Now, a decade later, we have a real crisis within our country, because we are developing a separate military class poorly integrated into the society as a whole. We have two unpopular and controversial wars that few want to risk their lives for, and no one is required to. Lack of an adequate number of recruits and the need for the skills servicemembers have developed results in pressure (and enticement) to re-enlist. Thus the same people go off to war again and again--some now leaving on their fifth long deployment in ten years.  Most of us are aware of their existence only when we see the faces of the dead on the news. They’re not from our neighborhood, for the most part. For many of us, it’s rare to see anyone from our town or even our state. They serve so we don’t have to, and we don’t know them at all.
 We have a military made up largely of young people, many of them parents. Their families suffer enormous stress as a result of nearly continuous deployment.  Mental health problems are growing among children whose father or mother are chronically absent under frightening and dangerous conditions. Parenting deteriorates with chronic stress, and children are more likely to be neglected or abused. Children fall behind or are poorly integrated into schools when they attend one or more different schools a year. When deployed parents return they are often not the same person who left as a result of physical or psychological injuries, and even in the best of situations, reentry into marriage and family is stressful and often destabilizing. Many returning servicemembers will not seek help if they need it for PTSD or other mental problems, and they may self-treat with drugs, vent through acts of domestic violence, or withdraw from their loved ones.  Many children will live out the remainder of their years at home in these stressful situations.
 The military is a steady job with benefits in a time of frightening unemployment and shrinking educational options. Many servicemembers join for this reason, and once in, many re-enlist because the bonus looks good and their prospects on the outside do not. Indeed the military has been and will continue to be the best option for many young men and women. Some will decide on military careers, and others will count the days from the moment they first don their uniform. It’s always been that way. 

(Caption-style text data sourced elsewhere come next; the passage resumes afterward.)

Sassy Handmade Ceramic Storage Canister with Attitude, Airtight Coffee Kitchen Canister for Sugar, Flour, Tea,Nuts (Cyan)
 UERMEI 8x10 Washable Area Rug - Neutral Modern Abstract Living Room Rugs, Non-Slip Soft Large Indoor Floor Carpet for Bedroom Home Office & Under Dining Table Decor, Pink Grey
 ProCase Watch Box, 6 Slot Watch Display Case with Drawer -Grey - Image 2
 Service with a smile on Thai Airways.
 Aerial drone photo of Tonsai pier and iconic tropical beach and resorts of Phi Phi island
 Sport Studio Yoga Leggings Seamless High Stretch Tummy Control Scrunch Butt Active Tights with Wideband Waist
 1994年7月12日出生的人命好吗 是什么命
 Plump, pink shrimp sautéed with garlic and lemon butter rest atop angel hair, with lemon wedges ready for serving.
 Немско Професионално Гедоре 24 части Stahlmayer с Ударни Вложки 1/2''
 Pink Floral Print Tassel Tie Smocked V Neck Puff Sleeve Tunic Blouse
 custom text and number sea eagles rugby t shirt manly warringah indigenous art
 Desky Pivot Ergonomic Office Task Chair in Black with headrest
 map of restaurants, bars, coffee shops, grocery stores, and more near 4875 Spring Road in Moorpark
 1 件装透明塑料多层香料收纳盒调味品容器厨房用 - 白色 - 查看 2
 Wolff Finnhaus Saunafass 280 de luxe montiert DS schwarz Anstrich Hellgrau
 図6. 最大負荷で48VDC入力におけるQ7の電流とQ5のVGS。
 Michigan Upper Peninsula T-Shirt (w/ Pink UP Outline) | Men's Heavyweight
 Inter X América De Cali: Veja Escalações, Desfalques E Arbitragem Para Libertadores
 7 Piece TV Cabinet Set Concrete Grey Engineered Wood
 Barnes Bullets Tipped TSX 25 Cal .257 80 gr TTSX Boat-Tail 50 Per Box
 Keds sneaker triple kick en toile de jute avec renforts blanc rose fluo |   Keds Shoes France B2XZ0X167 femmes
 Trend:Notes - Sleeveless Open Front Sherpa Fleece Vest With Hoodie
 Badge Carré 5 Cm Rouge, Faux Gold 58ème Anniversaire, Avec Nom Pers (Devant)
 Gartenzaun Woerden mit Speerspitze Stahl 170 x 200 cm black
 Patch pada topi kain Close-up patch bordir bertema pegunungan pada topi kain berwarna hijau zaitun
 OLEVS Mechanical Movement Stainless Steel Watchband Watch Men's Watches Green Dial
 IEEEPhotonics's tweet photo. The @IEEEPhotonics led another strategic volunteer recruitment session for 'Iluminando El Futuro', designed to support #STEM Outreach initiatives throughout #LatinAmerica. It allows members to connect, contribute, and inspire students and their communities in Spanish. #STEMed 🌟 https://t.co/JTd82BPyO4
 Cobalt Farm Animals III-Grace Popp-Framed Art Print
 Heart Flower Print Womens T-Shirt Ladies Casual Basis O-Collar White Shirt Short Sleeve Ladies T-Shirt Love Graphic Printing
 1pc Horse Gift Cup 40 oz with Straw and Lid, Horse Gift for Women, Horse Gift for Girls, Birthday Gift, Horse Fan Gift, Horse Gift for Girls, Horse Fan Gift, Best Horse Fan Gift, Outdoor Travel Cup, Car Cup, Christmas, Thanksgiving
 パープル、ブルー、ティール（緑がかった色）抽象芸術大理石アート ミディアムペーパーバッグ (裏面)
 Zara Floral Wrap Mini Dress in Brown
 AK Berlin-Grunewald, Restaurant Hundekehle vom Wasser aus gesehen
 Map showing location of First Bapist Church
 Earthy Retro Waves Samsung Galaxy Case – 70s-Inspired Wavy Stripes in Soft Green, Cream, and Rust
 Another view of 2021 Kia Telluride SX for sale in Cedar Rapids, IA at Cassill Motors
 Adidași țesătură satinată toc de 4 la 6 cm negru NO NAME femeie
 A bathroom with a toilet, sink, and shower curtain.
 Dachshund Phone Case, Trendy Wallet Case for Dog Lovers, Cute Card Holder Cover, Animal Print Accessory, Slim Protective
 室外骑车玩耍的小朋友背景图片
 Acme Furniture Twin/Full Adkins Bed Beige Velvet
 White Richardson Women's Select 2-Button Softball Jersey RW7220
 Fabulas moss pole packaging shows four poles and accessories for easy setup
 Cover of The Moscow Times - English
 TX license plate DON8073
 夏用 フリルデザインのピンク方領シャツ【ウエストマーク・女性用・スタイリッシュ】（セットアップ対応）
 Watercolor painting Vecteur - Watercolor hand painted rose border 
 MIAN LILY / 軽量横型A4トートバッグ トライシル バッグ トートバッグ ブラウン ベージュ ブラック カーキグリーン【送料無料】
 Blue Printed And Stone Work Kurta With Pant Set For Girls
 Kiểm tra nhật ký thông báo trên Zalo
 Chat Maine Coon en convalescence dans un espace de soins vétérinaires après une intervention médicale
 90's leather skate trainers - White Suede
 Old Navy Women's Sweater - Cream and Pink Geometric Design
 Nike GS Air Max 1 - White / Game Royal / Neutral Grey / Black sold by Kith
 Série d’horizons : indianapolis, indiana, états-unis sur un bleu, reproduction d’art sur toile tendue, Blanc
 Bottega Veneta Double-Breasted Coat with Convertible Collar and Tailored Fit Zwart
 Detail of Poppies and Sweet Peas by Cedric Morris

 It takes effort to remain in compassionate, caring community with people we do not know, and military families will remain resilient whether or not we demonstrate our concern.  The question is if we want to be a nation that feels invested in our military--and each one of its members--as a force that serves our common good, even when we don’t agree about what that is.  Or do we prefer to have a separate and invisible class who goes to war when they are told to, by a government confident we won’t feel sufficiently impacted to raise much of a fuss?